> _DESCRIPTION OF THE TASK_
Below are some records. Write out exactly their lines from the one with "Hôtel Chakraa Residency" through the one with "<b>Der neunjährige Maximilian", and leave the pictures behind.
==== GIVEN INFORMATION ====
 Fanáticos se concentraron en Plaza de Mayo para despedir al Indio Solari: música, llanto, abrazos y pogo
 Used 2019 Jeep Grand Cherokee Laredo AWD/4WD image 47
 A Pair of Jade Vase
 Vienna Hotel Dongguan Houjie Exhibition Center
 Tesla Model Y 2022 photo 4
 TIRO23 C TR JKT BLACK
====
==== GIVEN INFORMATION ====
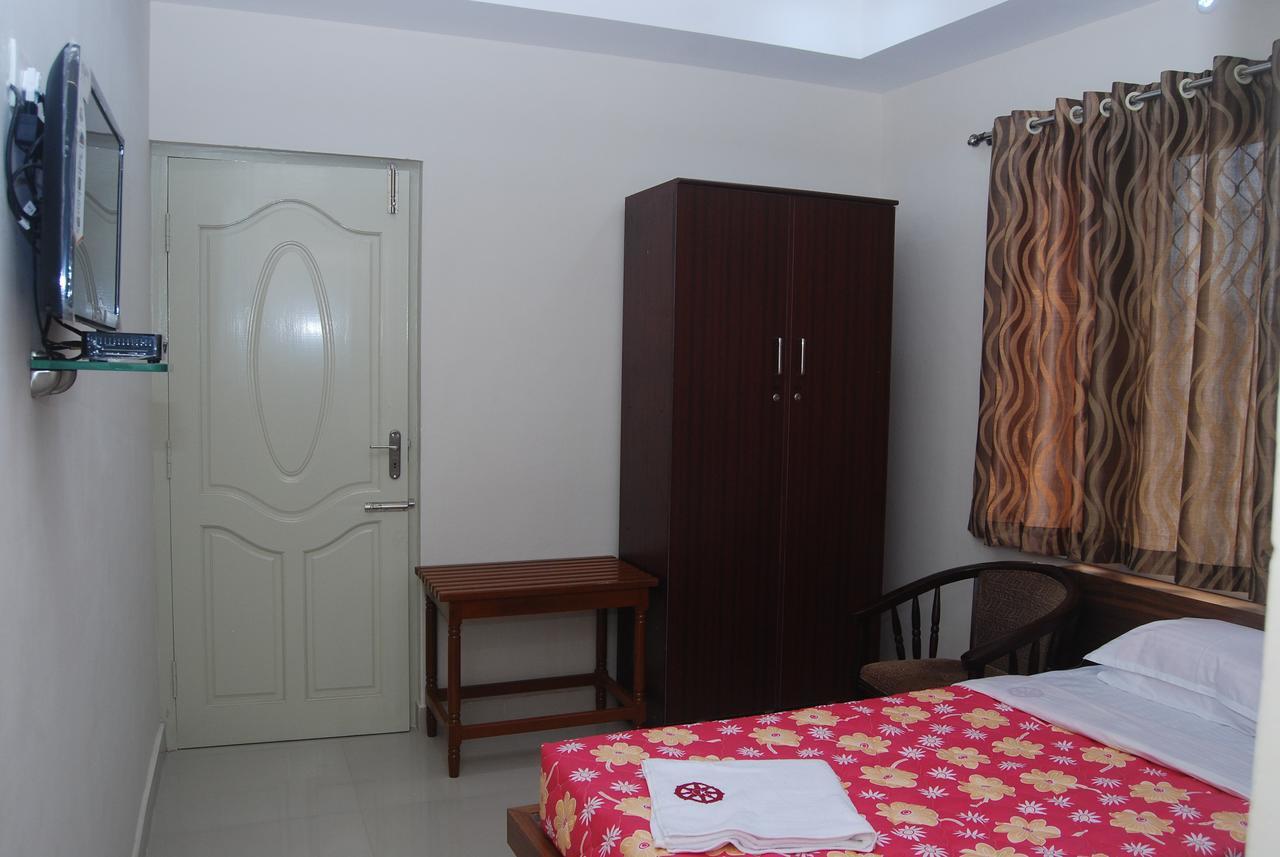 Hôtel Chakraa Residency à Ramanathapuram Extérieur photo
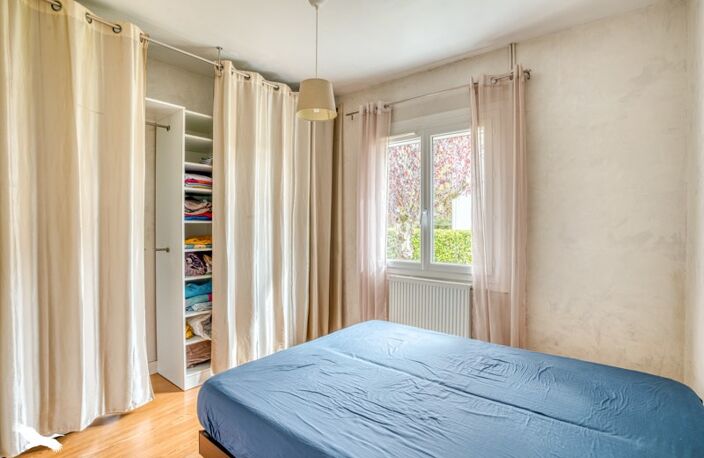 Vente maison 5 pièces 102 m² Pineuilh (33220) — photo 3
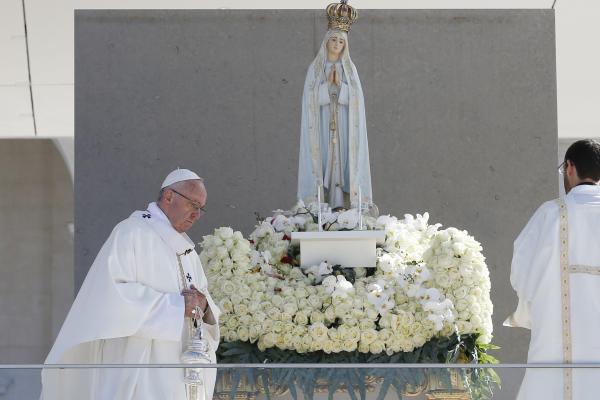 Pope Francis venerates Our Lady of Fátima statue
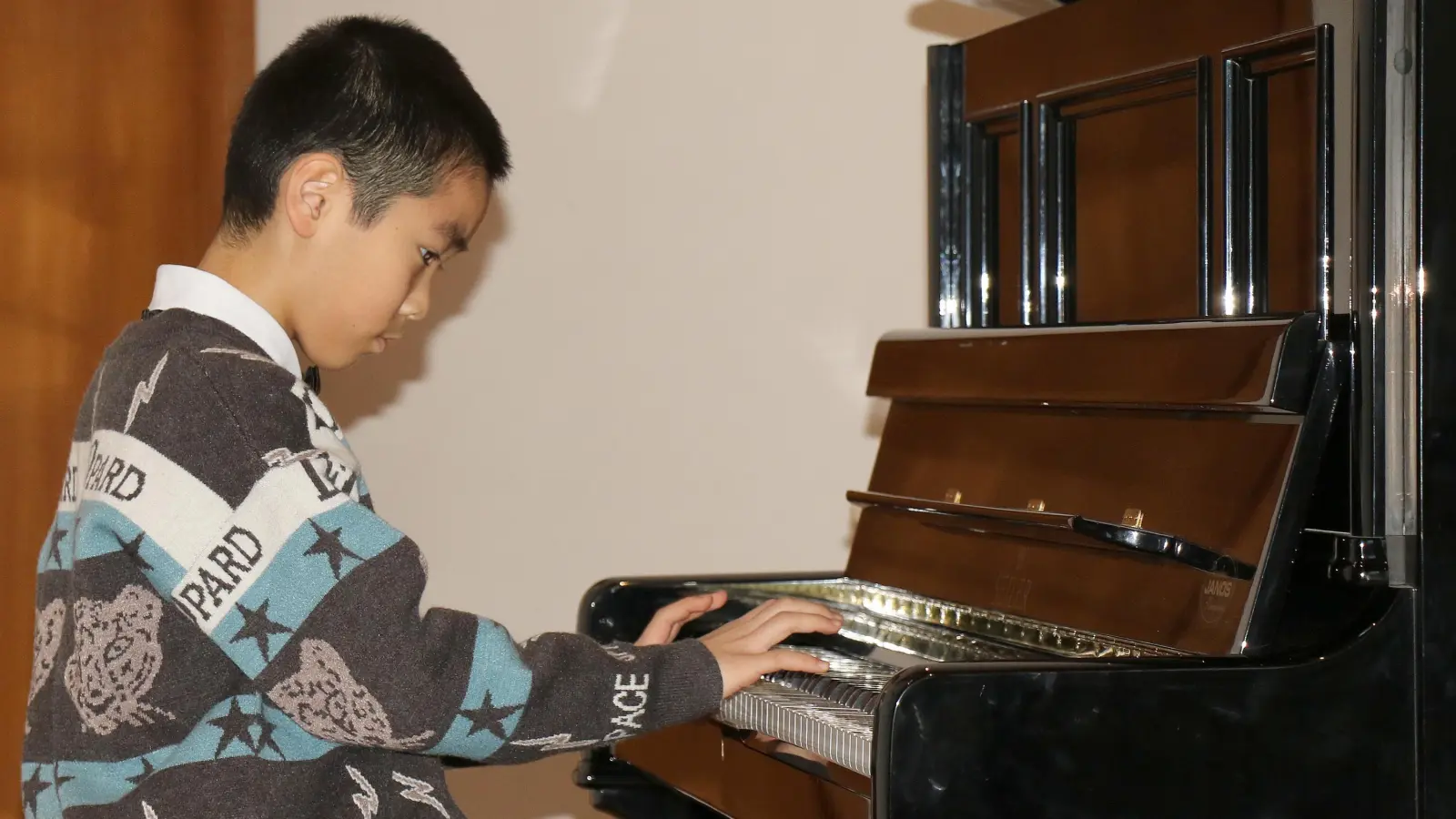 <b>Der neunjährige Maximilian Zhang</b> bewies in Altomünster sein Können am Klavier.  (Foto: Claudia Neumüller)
====
==== GIVEN INFORMATION ====
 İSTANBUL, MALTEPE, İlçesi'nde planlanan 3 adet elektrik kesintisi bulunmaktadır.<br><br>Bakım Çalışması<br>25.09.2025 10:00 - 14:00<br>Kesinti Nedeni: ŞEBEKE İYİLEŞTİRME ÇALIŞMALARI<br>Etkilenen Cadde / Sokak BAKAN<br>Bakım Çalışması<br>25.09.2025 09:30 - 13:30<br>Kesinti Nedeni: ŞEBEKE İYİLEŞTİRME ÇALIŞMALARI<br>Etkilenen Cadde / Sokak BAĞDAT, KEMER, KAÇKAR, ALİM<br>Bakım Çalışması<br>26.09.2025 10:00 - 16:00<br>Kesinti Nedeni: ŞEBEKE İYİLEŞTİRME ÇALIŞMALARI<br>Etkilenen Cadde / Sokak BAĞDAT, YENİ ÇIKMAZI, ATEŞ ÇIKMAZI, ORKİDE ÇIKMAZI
====
> _ANSWER TO THIS EXERCISE_
 Hôtel Chakraa Residency à Ramanathapuram Extérieur photo
 Vente maison 5 pièces 102 m² Pineuilh (33220) — photo 3
 Pope Francis venerates Our Lady of Fátima statue
 <b>Der neunjährige Maximilian Zhang</b> bewies in Altomünster sein Können am Klavier.  (Foto: Claudia Neumüller)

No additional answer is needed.